Police fined activists who on Saturday morning brought a horse in front of the office of Bosnia’s international administrator to urge him to intervene after an alleged corruption scandal in the judiciary, named “Shoeing (the horse),” rocked Bosnia.
Stefan Blagic, a member of the Restart non-governmental organization, was fined for not providing adequate transport for their horse which they had put a shoe on in front of the office.
Members of Restart and Account, another NGO, came to request Bosnia’s top international official to do something about the President of the country’s High Judicial and Prosecutorial Commission (HJPC), Milan Tegeltija,who was secretly recorded speaking to a businessman he met in a coffee shop about speeding up a case.
After splitting with Tegeltija, the businessman, who recorded the footage, is seen paying a policeman who arranged the meeting a significant amount of money. The policeman said the money was for “shoeing” Tegeltija, meaning paying the HJPC President for the favour.

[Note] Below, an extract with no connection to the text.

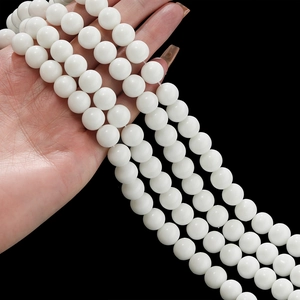 Polished 8-10mm white ceramic round beads strand for handmade DIY jewelry crafting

After the video was published, the HJPC, the only institution in the country authorized to appoint and discipline judges, prosecutors as well as its own members, stood behind its boss and rejected a disciplinary complaint against him as well as a request for him to be suspended pending the investigation.
This means there is nothing anyone in the country can do about Tegeltija in terms of dismissing or trying him.
This outraged Bosnians nearly more than the video itself and many point to the country’s top international official, High Representative Valentin Inzko, an Austrian diplomat who technically could fire Tegeltija and his entire Council.
Such power was given to him by the 1995 peace agreement that ended Bosnia’s war. However, he has not used it for years. Now is the time to do so, claims the NGO “Restart,” whose members brought the horse in front of Inzko’s office.
“We have had enough of the international community expressing some surprise and concern. We came here to demand that they take concrete action. Gentlemen, take concrete action or leave this country. If you will not protect the rule of law and a just state then you are not needed here at all,” said Stefan Blagic, from ‘Restart’.
“I think that the moment the judiciary leaves the courts and judicial institutions and goes to coffee shops is the moment when the state ends,” said Eldin Karic, from the ‘Account’ NGO.
The activist called the fine that needs to be paid for “ironic.”
“They say the fines were issued for the well-being of the horse, which I think is heavily ironic, as the competent institutions are obviously working for the well-being of the horse and not for the well-being of the people,” Blagic said.